- RECORD SET:
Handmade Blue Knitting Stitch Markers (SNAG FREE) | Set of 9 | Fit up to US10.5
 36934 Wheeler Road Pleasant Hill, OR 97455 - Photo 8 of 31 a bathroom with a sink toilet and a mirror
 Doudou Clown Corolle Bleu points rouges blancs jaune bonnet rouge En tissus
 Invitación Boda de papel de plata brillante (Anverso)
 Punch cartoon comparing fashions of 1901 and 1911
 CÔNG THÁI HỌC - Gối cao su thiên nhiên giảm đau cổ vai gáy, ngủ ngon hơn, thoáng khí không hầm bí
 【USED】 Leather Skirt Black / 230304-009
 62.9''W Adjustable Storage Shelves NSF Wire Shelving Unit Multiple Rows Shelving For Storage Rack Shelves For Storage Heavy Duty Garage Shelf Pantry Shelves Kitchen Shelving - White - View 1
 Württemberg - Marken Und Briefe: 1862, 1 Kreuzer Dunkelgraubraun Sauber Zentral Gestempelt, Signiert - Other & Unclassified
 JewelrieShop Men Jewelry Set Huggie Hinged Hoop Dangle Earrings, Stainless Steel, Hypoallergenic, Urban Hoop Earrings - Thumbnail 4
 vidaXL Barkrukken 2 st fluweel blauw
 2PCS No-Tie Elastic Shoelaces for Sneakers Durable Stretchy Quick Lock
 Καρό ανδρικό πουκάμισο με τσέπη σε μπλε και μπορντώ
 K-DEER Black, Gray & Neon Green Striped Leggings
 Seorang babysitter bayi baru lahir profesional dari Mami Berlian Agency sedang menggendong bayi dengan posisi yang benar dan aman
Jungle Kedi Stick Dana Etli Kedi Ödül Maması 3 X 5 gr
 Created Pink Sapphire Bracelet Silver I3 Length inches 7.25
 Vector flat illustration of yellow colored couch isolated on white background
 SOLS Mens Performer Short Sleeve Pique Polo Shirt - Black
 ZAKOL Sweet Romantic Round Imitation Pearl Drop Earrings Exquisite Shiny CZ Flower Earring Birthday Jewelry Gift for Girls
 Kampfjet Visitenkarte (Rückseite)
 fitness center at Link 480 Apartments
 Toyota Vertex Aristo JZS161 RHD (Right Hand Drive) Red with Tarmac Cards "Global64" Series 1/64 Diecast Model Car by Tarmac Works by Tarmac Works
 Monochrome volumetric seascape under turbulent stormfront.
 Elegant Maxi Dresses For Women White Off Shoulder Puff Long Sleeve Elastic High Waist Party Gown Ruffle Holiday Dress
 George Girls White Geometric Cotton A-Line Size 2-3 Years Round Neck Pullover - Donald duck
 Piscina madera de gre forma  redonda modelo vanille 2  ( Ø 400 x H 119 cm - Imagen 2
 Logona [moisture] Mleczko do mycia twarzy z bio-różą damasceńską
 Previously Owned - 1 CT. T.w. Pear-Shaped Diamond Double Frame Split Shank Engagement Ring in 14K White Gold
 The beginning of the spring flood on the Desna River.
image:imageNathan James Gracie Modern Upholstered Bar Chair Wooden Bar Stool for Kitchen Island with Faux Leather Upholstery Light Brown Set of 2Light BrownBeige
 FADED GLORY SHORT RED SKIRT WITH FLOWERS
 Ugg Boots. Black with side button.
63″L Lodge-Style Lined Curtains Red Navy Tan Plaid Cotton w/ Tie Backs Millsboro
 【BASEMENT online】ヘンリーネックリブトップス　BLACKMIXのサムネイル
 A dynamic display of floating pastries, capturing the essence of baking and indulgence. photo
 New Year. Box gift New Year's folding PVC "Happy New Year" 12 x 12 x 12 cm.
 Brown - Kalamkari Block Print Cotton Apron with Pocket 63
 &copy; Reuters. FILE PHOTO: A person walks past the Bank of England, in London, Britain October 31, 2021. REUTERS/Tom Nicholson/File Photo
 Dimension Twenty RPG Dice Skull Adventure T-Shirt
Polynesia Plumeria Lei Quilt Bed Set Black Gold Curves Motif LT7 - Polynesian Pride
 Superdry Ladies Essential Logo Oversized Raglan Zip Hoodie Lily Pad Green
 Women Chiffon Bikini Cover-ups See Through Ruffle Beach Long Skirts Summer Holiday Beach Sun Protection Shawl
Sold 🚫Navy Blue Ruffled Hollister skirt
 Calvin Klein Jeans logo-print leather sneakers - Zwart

- WHAT NEEDS TO BE DONE: Repeat, character for character, the lines of the material above from the line with "Monochrome volumetric seascape" through the line with "Logona [moisture] Mleczko".

- RESPONSE:
 Monochrome volumetric seascape under turbulent stormfront.
 Elegant Maxi Dresses For Women White Off Shoulder Puff Long Sleeve Elastic High Waist Party Gown Ruffle Holiday Dress
 George Girls White Geometric Cotton A-Line Size 2-3 Years Round Neck Pullover - Donald duck
 Piscina madera de gre forma  redonda modelo vanille 2  ( Ø 400 x H 119 cm - Imagen 2
 Logona [moisture] Mleczko do mycia twarzy z bio-różą damasceńską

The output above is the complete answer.